Changing a home base has many levels. The level I kept hidden in a black box was emotional, my sorrow at leaving a place I’d loved, the regular and familiar providing stability for the unknown and risky decisions of art.
I was reminded of that level by a former student and TA, Destiny Belgrave. After moving from her close college community, she then went back to Brooklyn and had to move again from the home neighborhood culture she loved. She pointed out that how draining it was depended on the level of attachment. This insight opened my black box and I saw the emotional strain kept at bay by the physical. Our peregrinations are peopled and alive, whereas in the new place, connections haven’t been made, proximities are all different and the only word for the feeling is loss.  The irritations of moving are partly a cover for the sadness at what’s past.

One way I hung on to part of myself was to set up a work area, one corner at a time. My first corner, the one I’m facing now. has a big window to my left with a sizable chunk of sky to watch the crazy rain come and go. With everything unfamiliar, it made more sense to draw what was out the window, to get to know the place and take it into myself.
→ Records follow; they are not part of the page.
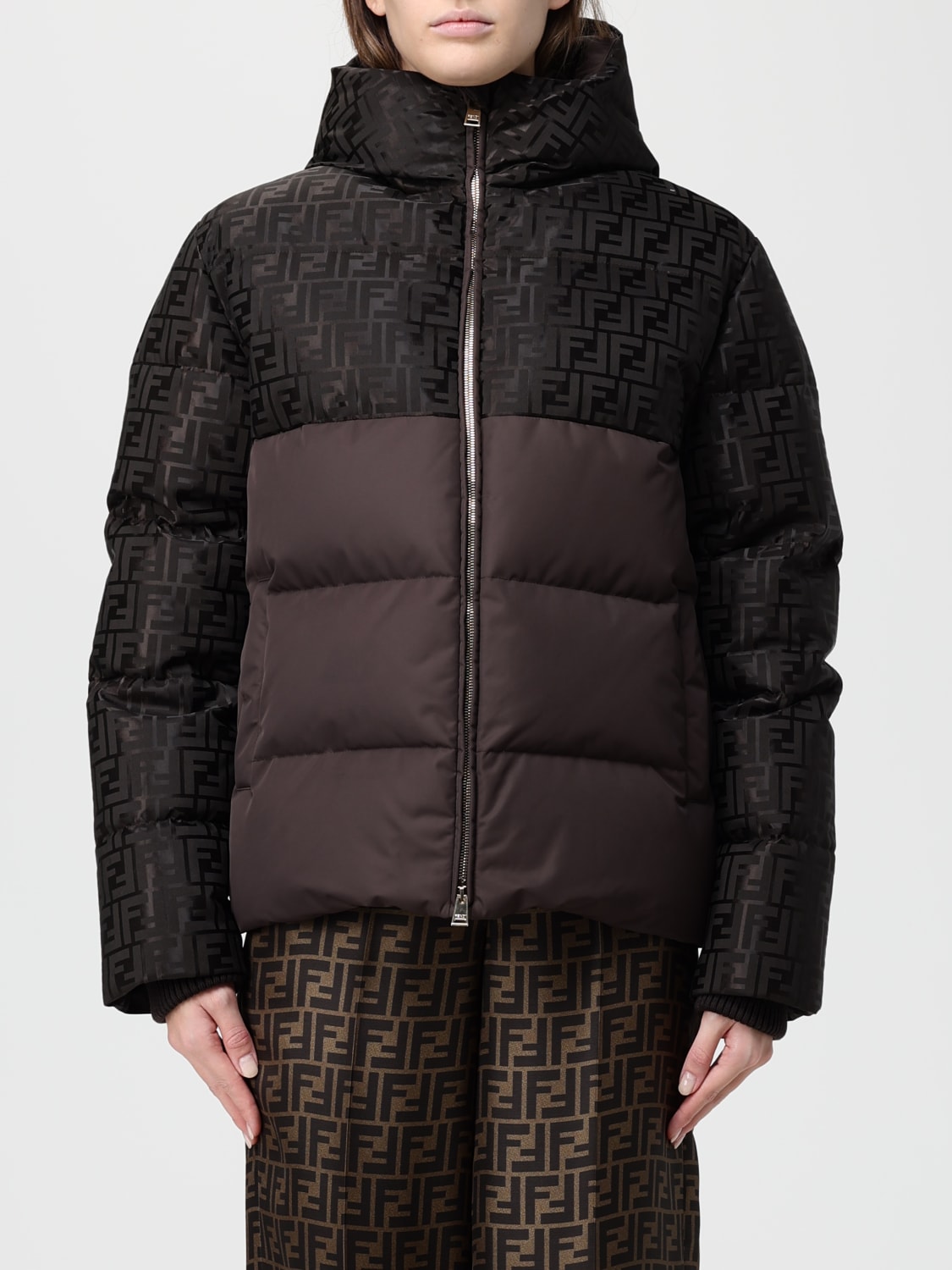 FENDI CHAQUETA: Chaqueta mujer Fendi, Marrón - Img 1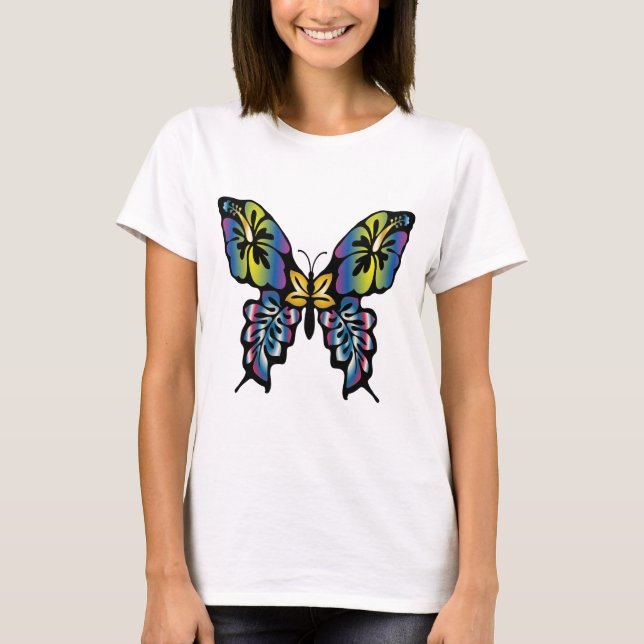 Camiseta Diseño de mariposa para damas Papillon. (Anverso)
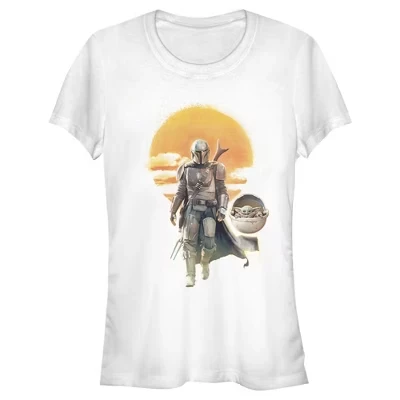 Женская футболка для юниоров The Mandalorian The Child и Mando Walking Sunset белого цвета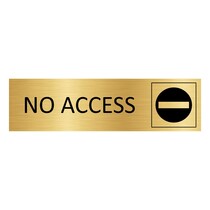 Goud aluminium deurbordje No access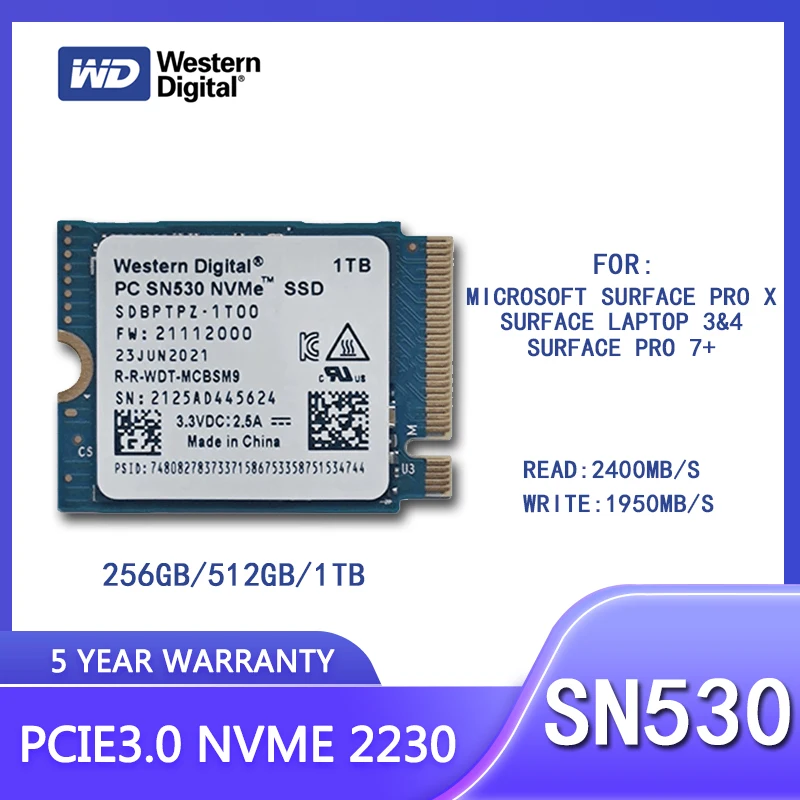 Western Digital WD SN530 M.2 2230 SSD 1TB 512GB 256GB NVMe PCIe Gen3 x4 for Microsoft Surface Pro X Surface Laptop Laptop 3 NEW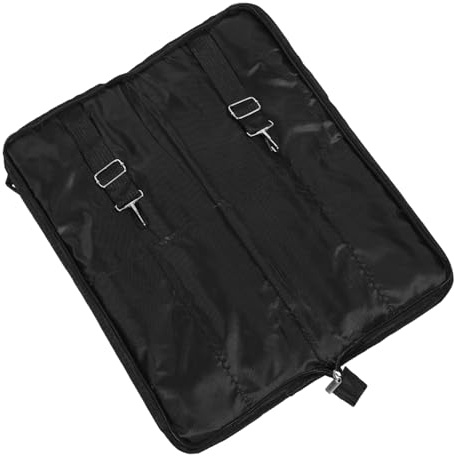 LRXIYODE Oxford Cloth Drumstick Tasche mit Großer Kapazität Verstellbarem Schultergurt Handtragetasche für Schlagzeugstöcke und Mallets Robustes Percussion Zubehör Schwarz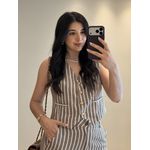 Conjunto Listrado Marrom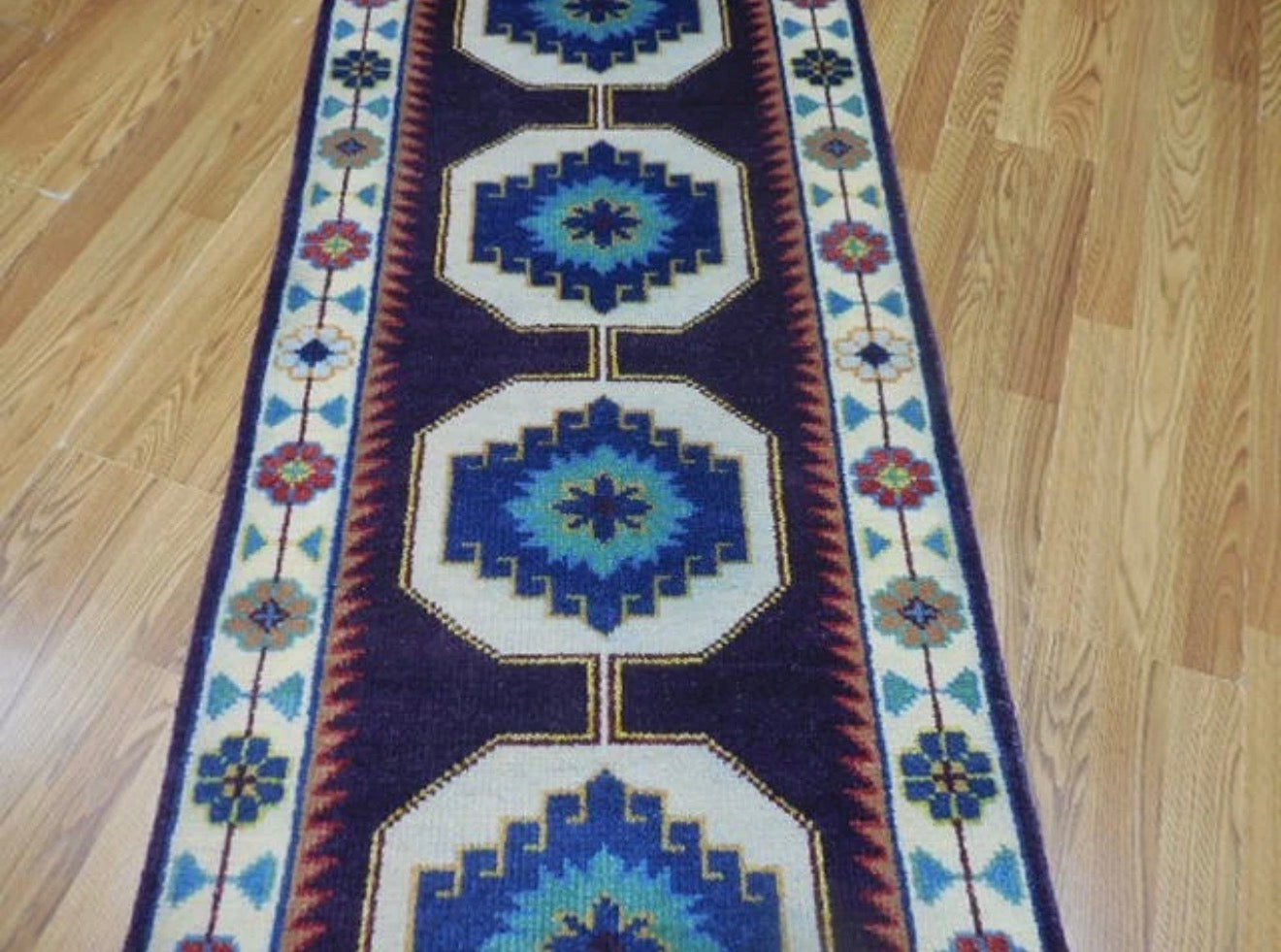 2.7' x 8’ Ft. Turkish Geometric l Bohemian Oushak Hand Knotted Wool Runner / Rug - BR2620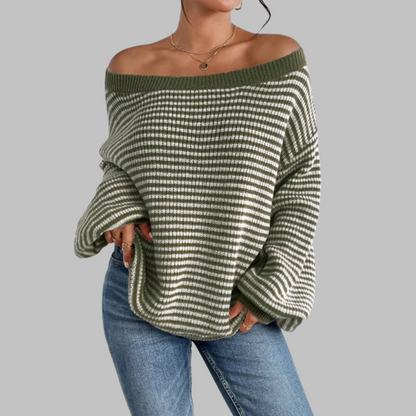 Women's Striped Drop Shoulder Sweater Long Sleeve Relaxed Fit Casual Knit Top Ladies Pullover Stripe Everyday Autumn Winter Cosy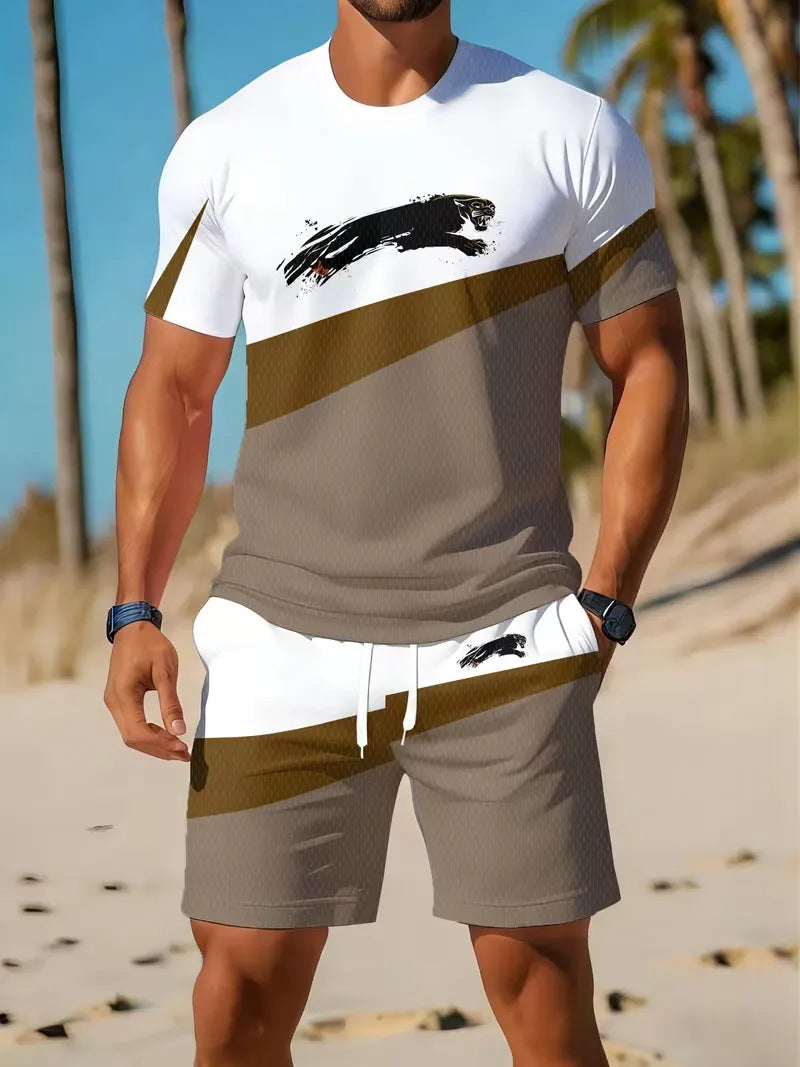 Ensemble de vêtements de sport occasionnels pour hommes avec T-shirts à col rond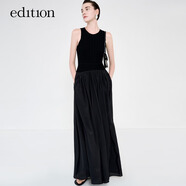 edition連衣裙女新款拼接無袖收腰背心氣質(zhì)公主裙 黑色 M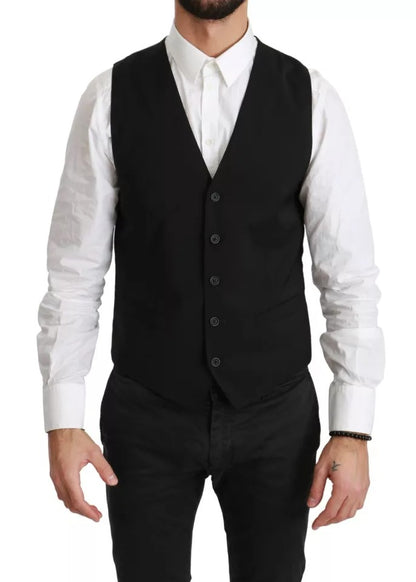  - Black Wool Stretch Waistcoat Formal Dress Vest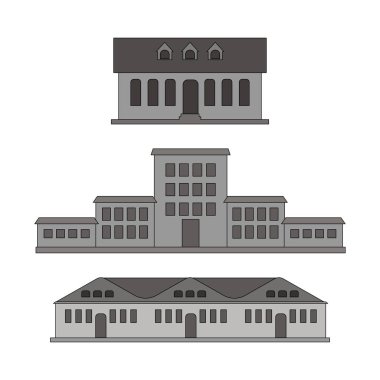 çeşitli binalar. Beyaz arka plan üzerinde vektör çizim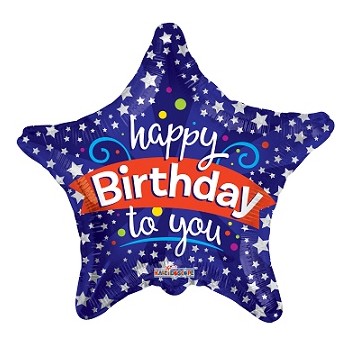 Palloncino Mylar Mini Shape 22 cm. Happy Birthday Star
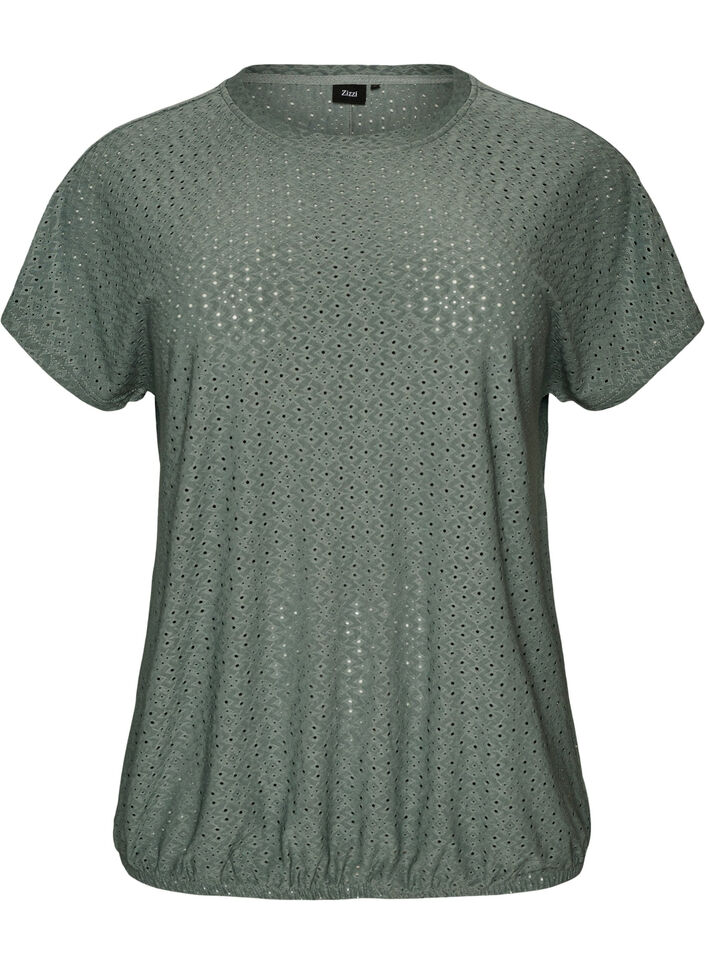 Bluse mit Lochstickerei und Ballon&auml;rmeln, Gr&uuml;n, Packshot image number 0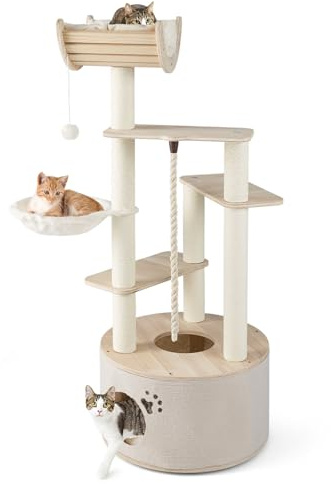 COSTWAY 141 cm Árbol Rascador para Gatos de Madera, Torre para Gatitos Multinivel con Condo, Cama Curvada, Hamaca, Postes Rascadores, Bola Colgante y Cuerda, Cojines Lavables, Castillo Gatos Interior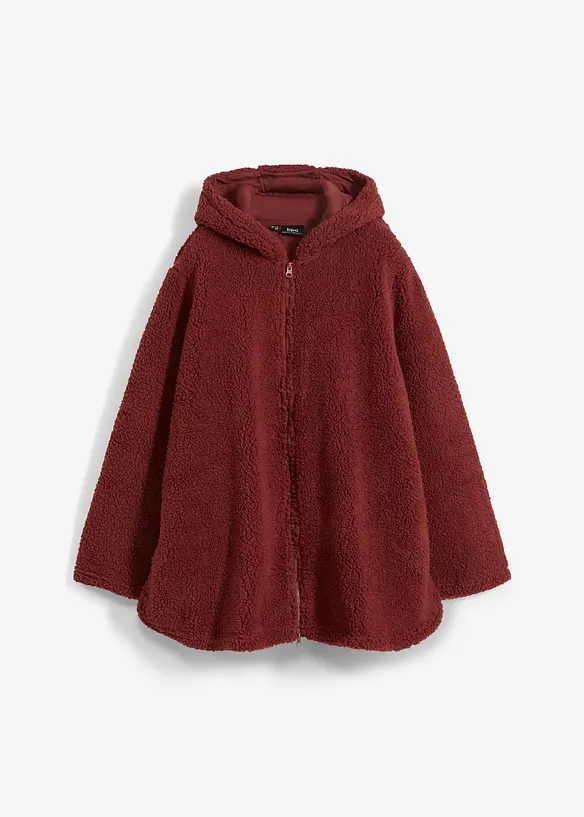 Veste en sherpa coupe trapèze avec fentes latérales, bonprix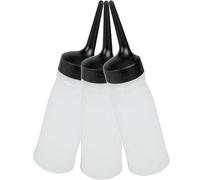 DECHOUS Flacon Applicateur Doseur pour Teinture Capillaire et Shampoing, Lot de 3 Bouteilles Souples Rechargeables, Format Petite Taille Adapté aux Soins Cheveux Bouclés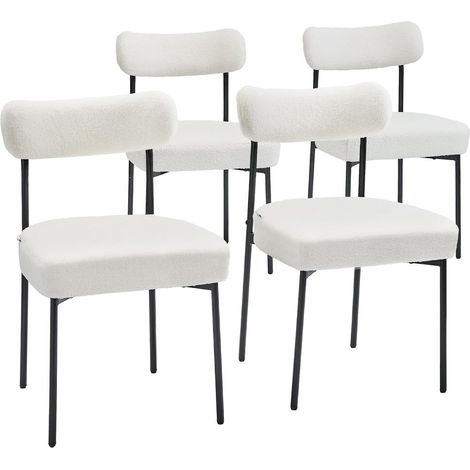 Lot de 4 Chaises Salle à Manger Confortables en Tissu Bouclette Blanc avec Dossier Incurvé et Pieds Métal pour Cuisine (1/5)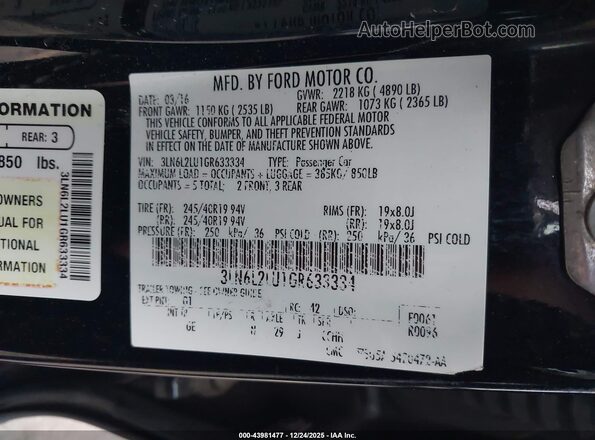3LN6L2LU1GR633334 2016 LINCOLN MKZ HYBRID Black Widok komory silnika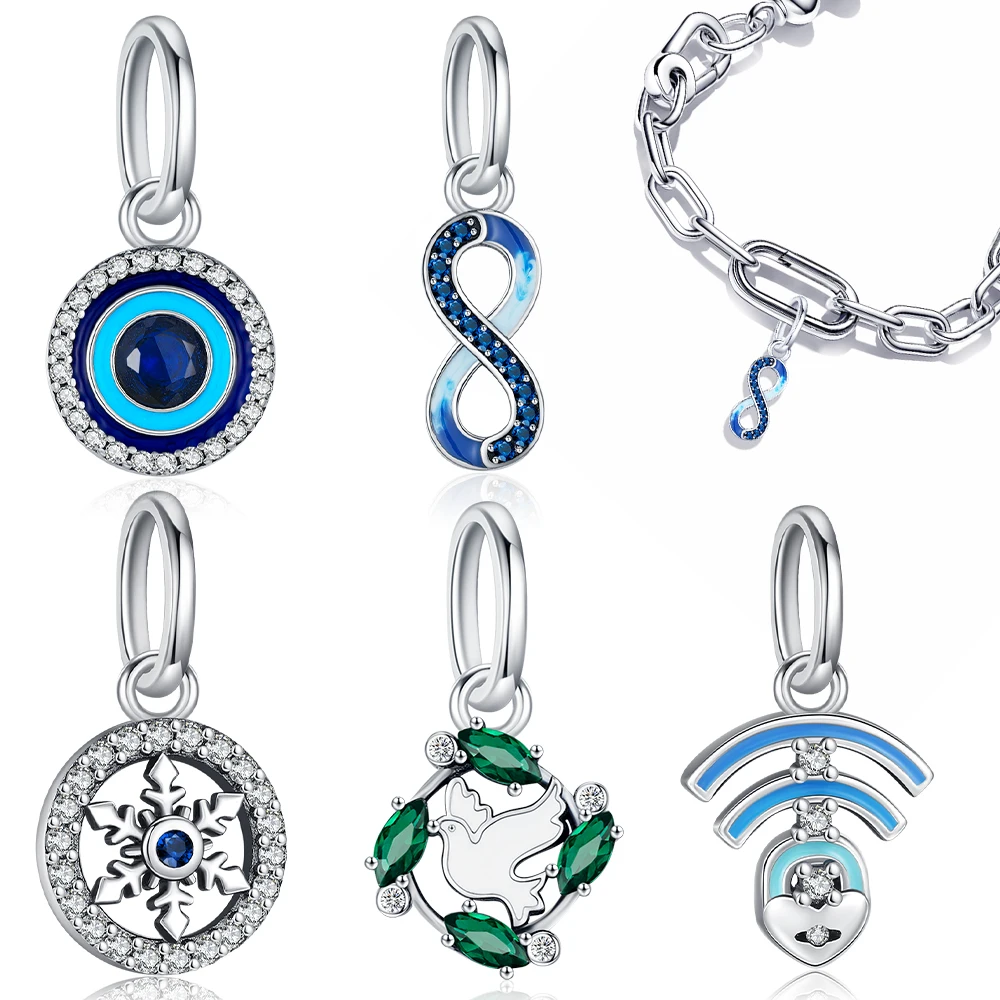 925 Sterling Silber Dämon Auge Anhänger Charme Für 3mm Schlange Knochen Kette DIY Damen Elegante Schmuck Mode Sommer Perlen geschenke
The corner wasn’t mine until I put art on the walls to claim it. The first thing on my studio wall was a beautiful collage drawing by Dan Dudrow that always makes me think, is philosophical in its reference to sky and sends my thoughts in new directions every time I look at it. Then on the other wall of that corner my favorite of my newer drawings, “Causality”, a visual idea that reminds me of the limitations of thought. The choice of pictures creates a visual climate crucial to future ideas. Every picture is a place in itself, offers another world to inhabit and the thoughts it generates. Now that this room is starting to feel like my studio, my mind can get back in action.


Having given so much thought to how locations shape thoughts, how the visual qualities influence the metaphors we use, I wonder how the implications in the new space around me will shift the expression of my ideas. The clouds feel closer to me here so analogies to atmosphere and uncertainty will thrive and hopefully remind me that change is the unfolding of forward.